So the “waste” created when a monkey rubs one out is somehow beneficial to the universe because it serves some other purpose, but the “waste” in financial markets is just waste and therefore markets are inefficient? I think I’ll call this the “Monkey Spank Theory of Market Inefficiency”. I can already smell the Nobel (to be technically correct, The Sveriges Riksbank Prize in Economic Sciences in Memory of Alfred Nobel).

higgmond Wrote: ------------------------------------------------------- > So the “waste” created when a monkey rubs one out > is somehow beneficial to the universe because it > serves some other purpose, but the “waste” in > financial markets is just waste and therefore > markets are inefficient?
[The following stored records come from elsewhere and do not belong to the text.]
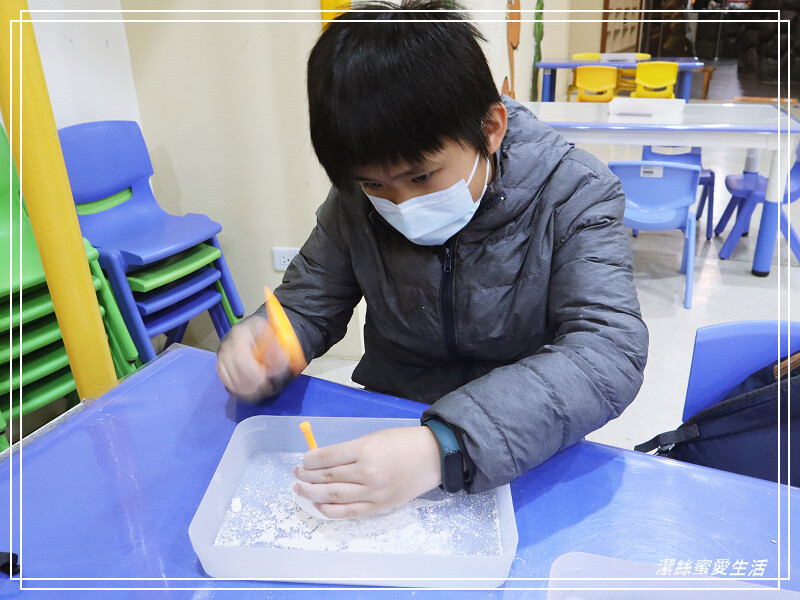 台南市新市區樹谷生活科學館-台南新市/和恐龍一起玩!還能隔壁樹谷農場餵動物~寓教於樂銅板價.親子室內一日遊景點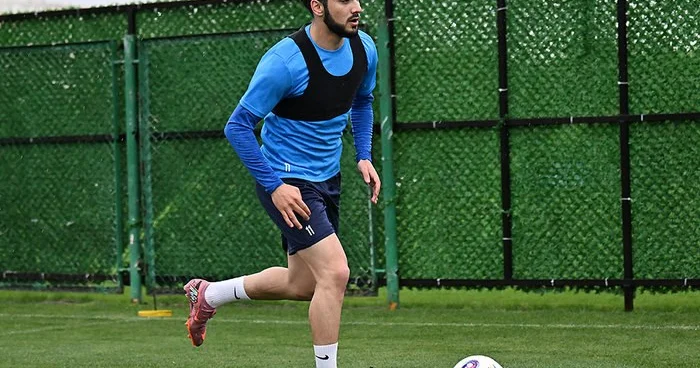 Milli komandamızın forvardı İspaniyaya yollanıb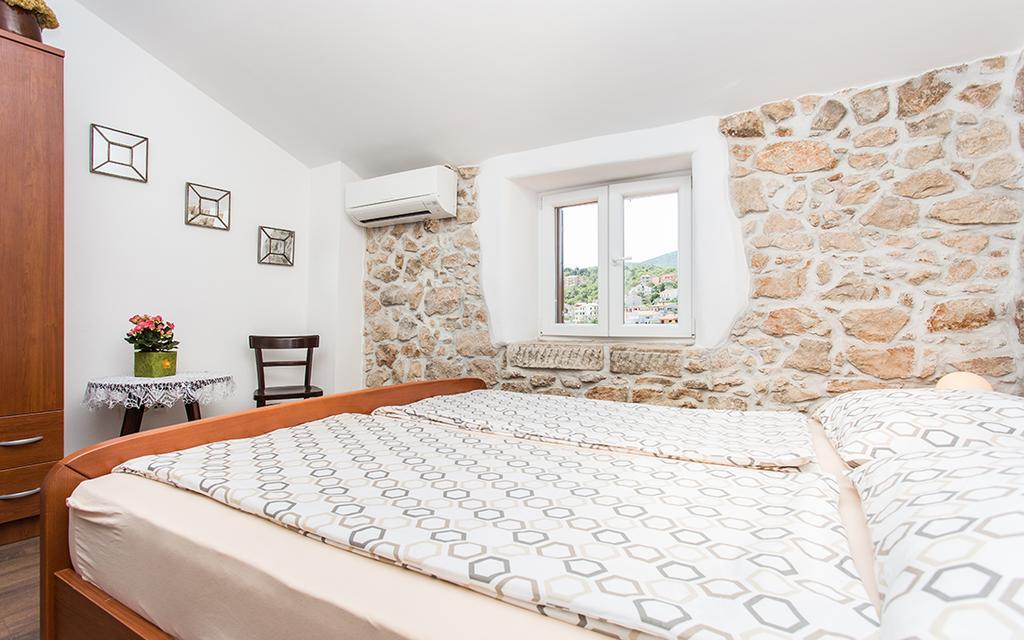 Apartment & Room Antonio Vrbnik Eksteriør bilde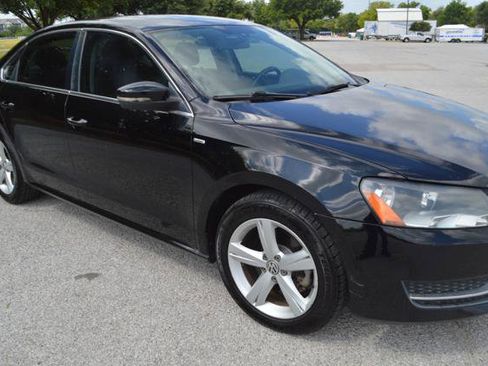 Used 2014 Volkswagen Passat 1.8T Wolfsburg Edition FWD image 3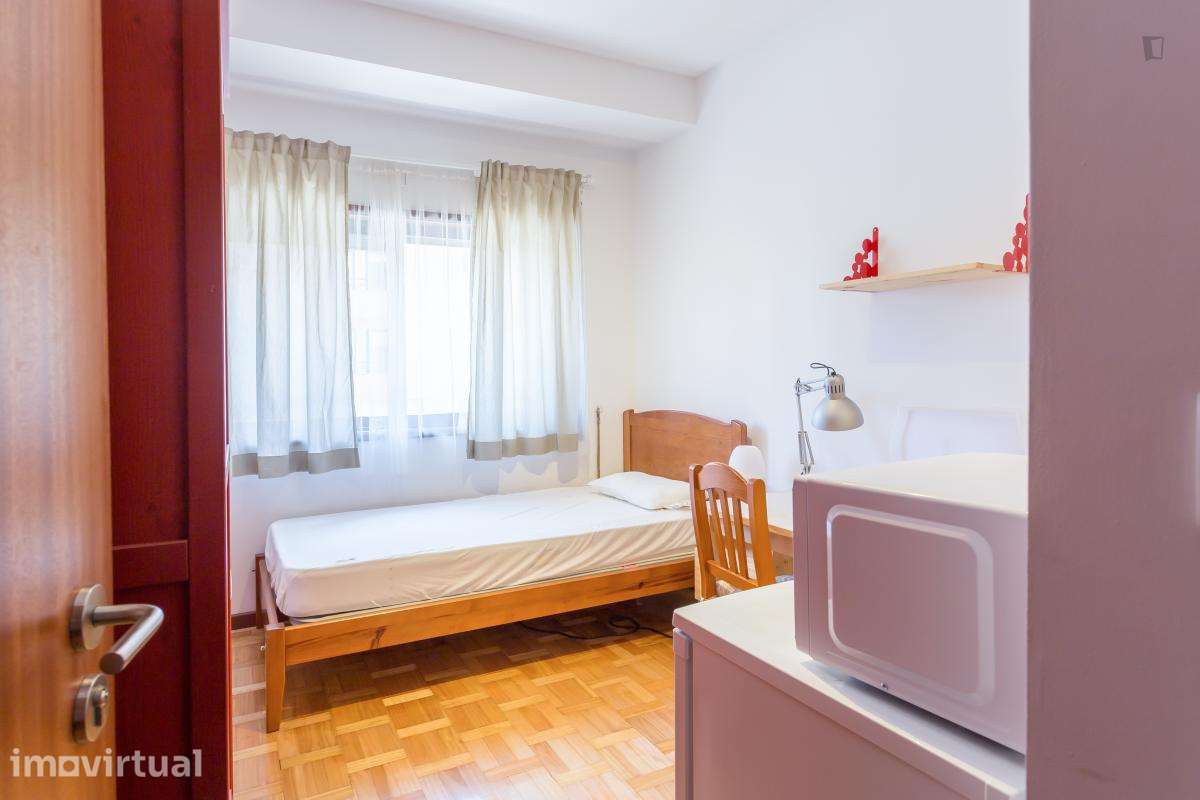 Quarto - localizado em Paranhos Porto - Grande imagem: 2/14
I think I’ll call this > the “Monkey Spank Theory of Market Inefficiency”. > I can already smell the Nobel (to be technically > correct, The Sveriges Riksbank Prize in Economic > Sciences in Memory of Alfred Nobel). the waste in markets is inappopriately allocated capital, in terms of both financial and human capital, so that it slows or reduces overall growth. the purpose of financial markets is to maintain and generate wealth and anything that TAKES from that should be considered waste. the monkey goo is eaten by parasites and yes, does contribute to another system. even if the monkey keeps it inside, the goo dies and a natural process occurs within that monkey’s body. the comparison was obviously lacking thought. ever heard of AMH? its in the cirriculum. what i’m saying is not that obsurd, according to 100% of those who have considered theories alternative to the EMH.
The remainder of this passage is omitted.